Keywords: Poetry; Blackness; Adão Ventura; A cor da pele.

 

 

Introdução – ou lendo as paisagens negras no poema

É a afirmação do negro pela valorização de sua cultura, a começar pela poesia.”

(Kabengele Munanga)

 

Ler a poesia do afro-mineiro Adão Ventura (1939-2004), precisamente os poemas publicados em 1980 no livro A cor da pele, além das potências literárias com o manejo do verso, em que se destaca um poeta que une sua consciência política e racial a uma linha sempre inventiva e de descobertas formais (Gomes, 1992), também motiva depreender um panorama poético significativo de 1978[2] em diante no Brasil.

Ainda que perante o espaço exíguo da Ditadura Militar, estes foram anos relevantes para estruturação e disseminação da consciência de negritude no país tendo como lugar de inscrição o texto poético. Temos no poema o lugar de expressão da negritude enquanto convocação permanente de todos os descendentes dessa condição para que engajem no combate e na potencialização dos valores de suas civilizações destruídas e de suas culturas negadas (Munanga, 2020). Também é um chamamento para a retomada de consciência identitária, enunciativa, social e política de todos aqueles que foram vítimas da inferiorização e da negação da humanidade em algum momento.

Nessa paisagem, os poetas pretos assumem projetos verbais deliberadamente atrelados a sua negrura identitária-cultural e rotacionam novos sentidos, não assimilam padrões, reivindicam direitos, elaboram novas imagens e metáforas, desvelam realidades, expandem signos linguísticos, desaprovam processos sócio-históricos exploratórios, rompem com concepções excludentes de linguagem, de literatura, de sociedade e apresentam outros meios e argumentos.

Diante do exposto, é colocada em relevo uma poesia negro-brasileira que nasce na e da população negra-brasileira e, também, de sua experiência no país (Cuti, 2010). Acentuam-se, portanto, poetas pretos que inserem o próprio corpo e as próprias subjetividades no texto poético, ao mesmo tempo que mobilizam estratégias textuais e literárias que veiculam pontos de vista críticos referentes à situação e à história da comunidade negra em território brasileiro.

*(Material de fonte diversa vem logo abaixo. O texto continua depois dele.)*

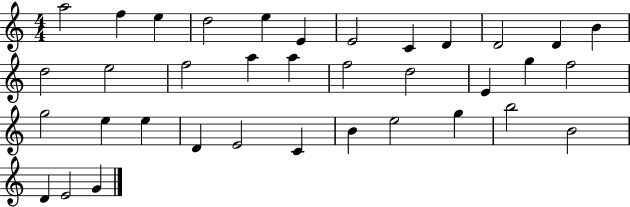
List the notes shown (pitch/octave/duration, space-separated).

A5/h F5/q E5/q D5/h E5/q E4/q E4/h C4/q D4/q D4/h D4/q B4/q D5/h E5/h F5/h A5/q A5/q F5/h D5/h E4/q G5/q F5/h G5/h E5/q E5/q D4/q E4/h C4/q B4/q E5/h G5/q B5/h B4/h D4/q E4/h G4/q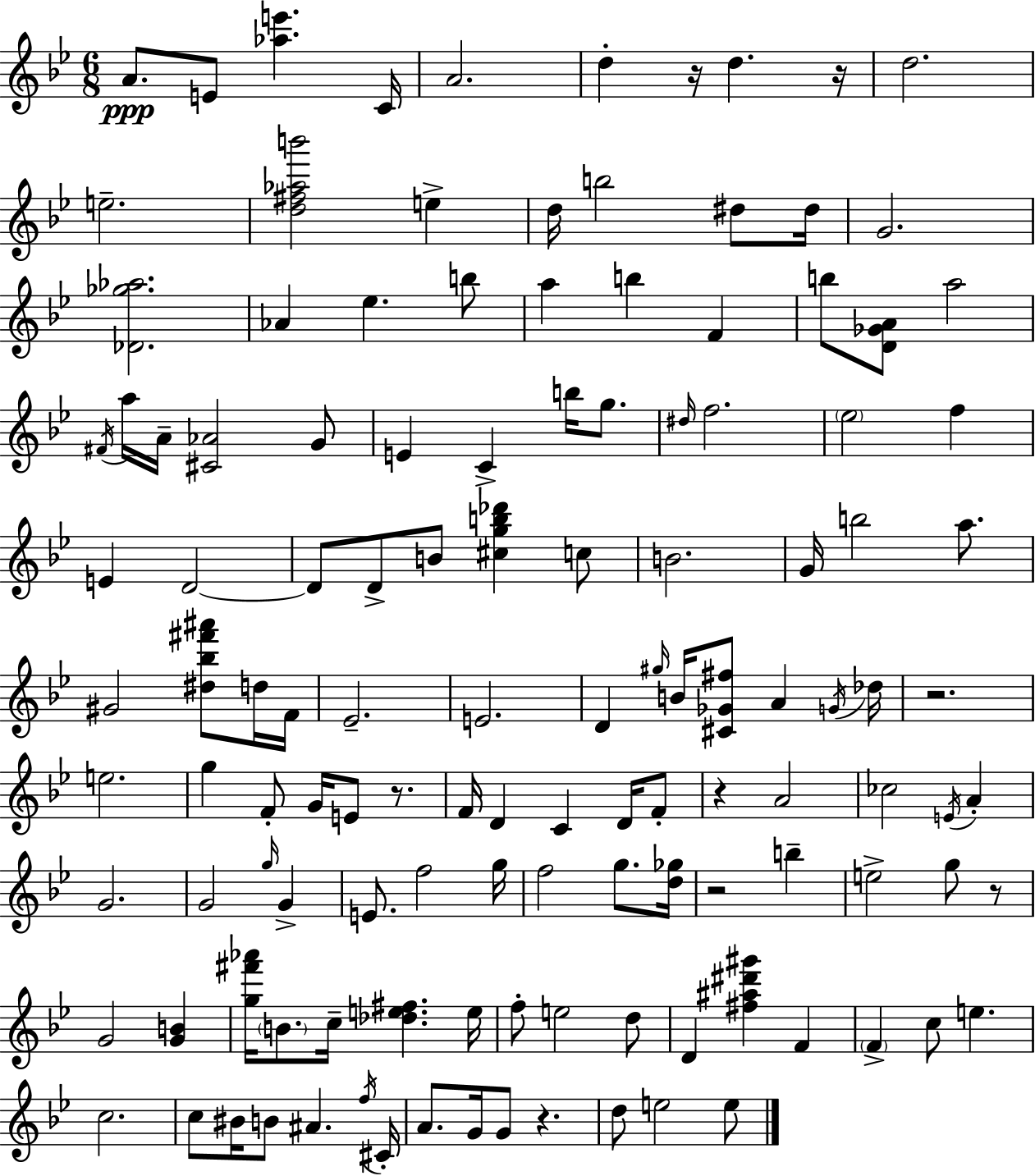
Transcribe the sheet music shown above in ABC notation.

X:1
T:Untitled
M:6/8
L:1/4
K:Gm
A/2 E/2 [_ae'] C/4 A2 d z/4 d z/4 d2 e2 [d^f_ab']2 e d/4 b2 ^d/2 ^d/4 G2 [_D_g_a]2 _A _e b/2 a b F b/2 [D_GA]/2 a2 ^F/4 a/4 A/4 [^C_A]2 G/2 E C b/4 g/2 ^d/4 f2 _e2 f E D2 D/2 D/2 B/2 [^cgb_d'] c/2 B2 G/4 b2 a/2 ^G2 [^d_b^f'^a']/2 d/4 F/4 _E2 E2 D ^g/4 B/4 [^C_G^f]/2 A G/4 _d/4 z2 e2 g F/2 G/4 E/2 z/2 F/4 D C D/4 F/2 z A2 _c2 E/4 A G2 G2 g/4 G E/2 f2 g/4 f2 g/2 [d_g]/4 z2 b e2 g/2 z/2 G2 [GB] [g^f'_a']/4 B/2 c/4 [_de^f] e/4 f/2 e2 d/2 D [^f^a^d'^g'] F F c/2 e c2 c/2 ^B/4 B/2 ^A f/4 ^C/4 A/2 G/4 G/2 z d/2 e2 e/2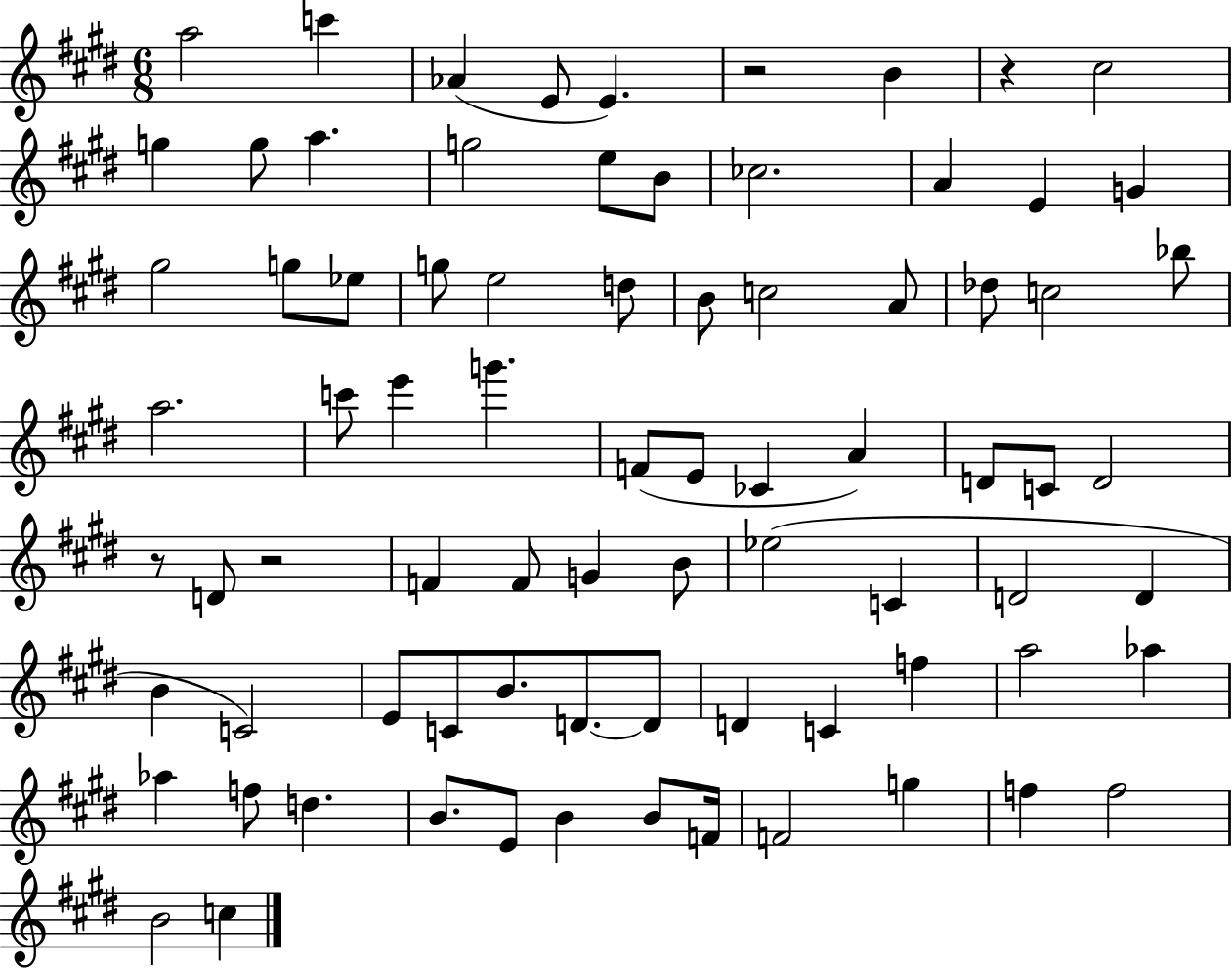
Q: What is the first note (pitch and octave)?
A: A5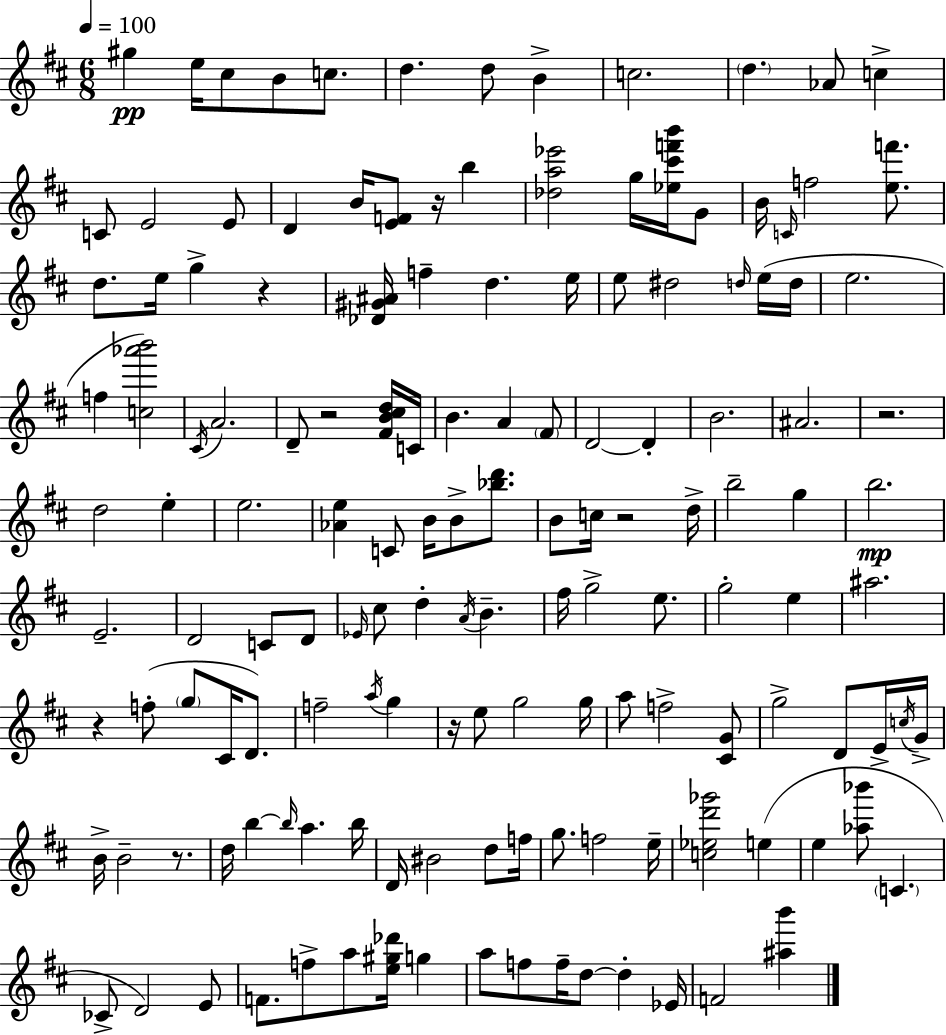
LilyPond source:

{
  \clef treble
  \numericTimeSignature
  \time 6/8
  \key d \major
  \tempo 4 = 100
  gis''4\pp e''16 cis''8 b'8 c''8. | d''4. d''8 b'4-> | c''2. | \parenthesize d''4. aes'8 c''4-> | \break c'8 e'2 e'8 | d'4 b'16 <e' f'>8 r16 b''4 | <des'' a'' ees'''>2 g''16 <ees'' cis''' f''' b'''>16 g'8 | b'16 \grace { c'16 } f''2 <e'' f'''>8. | \break d''8. e''16 g''4-> r4 | <des' gis' ais'>16 f''4-- d''4. | e''16 e''8 dis''2 \grace { d''16 } | e''16( d''16 e''2. | \break f''4 <c'' aes''' b'''>2) | \acciaccatura { cis'16 } a'2. | d'8-- r2 | <fis' b' cis'' d''>16 c'16 b'4. a'4 | \break \parenthesize fis'8 d'2~~ d'4-. | b'2. | ais'2. | r2. | \break d''2 e''4-. | e''2. | <aes' e''>4 c'8 b'16 b'8-> | <bes'' d'''>8. b'8 c''16 r2 | \break d''16-> b''2-- g''4 | b''2.\mp | e'2.-- | d'2 c'8 | \break d'8 \grace { ees'16 } cis''8 d''4-. \acciaccatura { a'16 } b'4.-- | fis''16 g''2-> | e''8. g''2-. | e''4 ais''2. | \break r4 f''8-.( \parenthesize g''8 | cis'16 d'8.) f''2-- | \acciaccatura { a''16 } g''4 r16 e''8 g''2 | g''16 a''8 f''2-> | \break <cis' g'>8 g''2-> | d'8 e'16-> \acciaccatura { c''16 } g'16-> b'16-> b'2-- | r8. d''16 b''4~~ | \grace { b''16 } a''4. b''16 d'16 bis'2 | \break d''8 f''16 g''8. f''2 | e''16-- <c'' ees'' d''' ges'''>2 | e''4( e''4 | <aes'' bes'''>8 \parenthesize c'4. ces'8-> d'2) | \break e'8 f'8. f''8-> | a''8 <e'' gis'' des'''>16 g''4 a''8 f''8 | f''16-- d''8~~ d''4-. ees'16 f'2 | <ais'' b'''>4 \bar "|."
}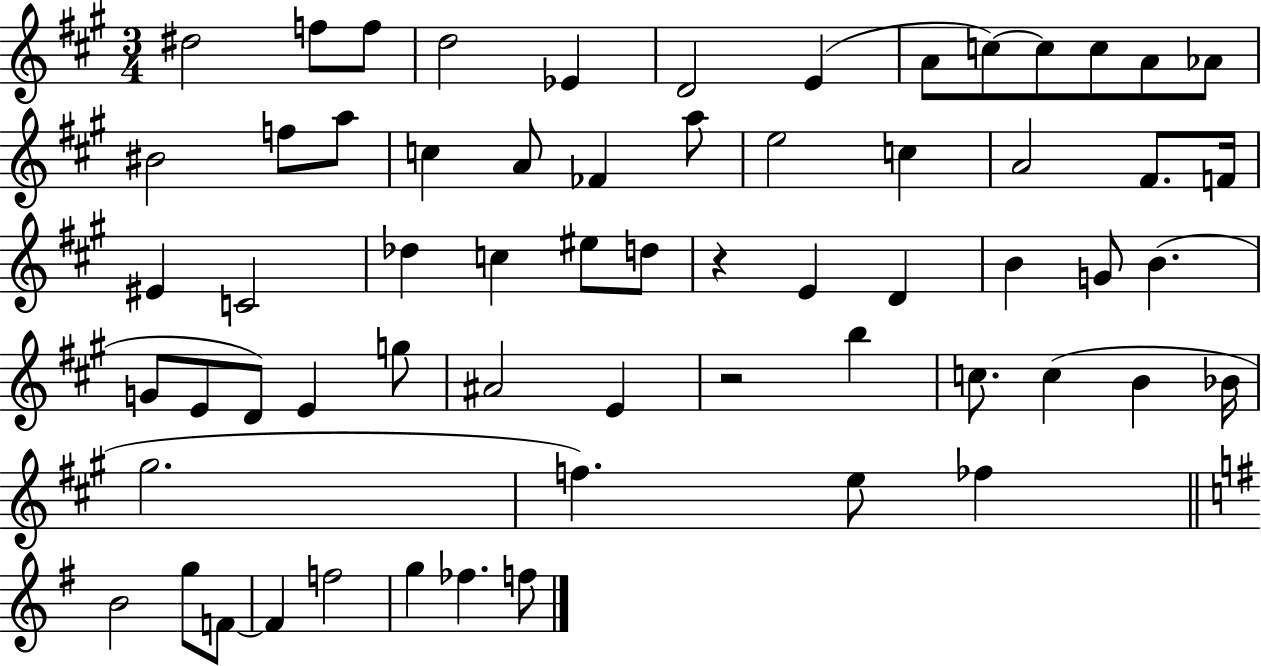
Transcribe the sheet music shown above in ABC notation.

X:1
T:Untitled
M:3/4
L:1/4
K:A
^d2 f/2 f/2 d2 _E D2 E A/2 c/2 c/2 c/2 A/2 _A/2 ^B2 f/2 a/2 c A/2 _F a/2 e2 c A2 ^F/2 F/4 ^E C2 _d c ^e/2 d/2 z E D B G/2 B G/2 E/2 D/2 E g/2 ^A2 E z2 b c/2 c B _B/4 ^g2 f e/2 _f B2 g/2 F/2 F f2 g _f f/2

Ainda sobre essa geração de poetas, no prefácio da segunda edição do livro O Negro Revoltado (1981), Abdias Nascimento menciona, brevemente, o poeta Adão Ventura e outros poetas[3], destacando-os enquanto voz de uma nova poesia negra engajada disposta a inocular, sem cordialidade alguma, a questão do negro em seu expediente poético.

O que é incontestável nessa poética negro-brasileira, e constataremos lendo o poema intitulado “UM” (1980) de autoria de Adão Ventura, é que o enunciador de fato coincide/acompanha aquilo que está sendo enunciado na estrutura do poema.

Também nesse panorama, é possível perceber que o fazer poético passa a ser equivalente a um processo de reterritorialização, ou seja, a uma tentativa de recomposição de um sistema próprio de representações (Bernd, 1988, p. 23). Por isso, a propensão à ruptura, seja na medida em que a própria situação do negro se atenuava na sociedade brasileira pós-abolição da escravatura ou seja diante da própria instituição social literatura que, após vários anos imersa no “negro-tema”, sem dúvida, estranhe a conjuntura de deparar com uma voz diferente, com um texto diferente, com metáforas, estilos e pontos de vista diferentes elaborados por um corpo diferente proveniente de outros corpos também diferentes até então objetificados, reduzidos, despossuídos de competências linguísticas e capacidades crítico-criativas.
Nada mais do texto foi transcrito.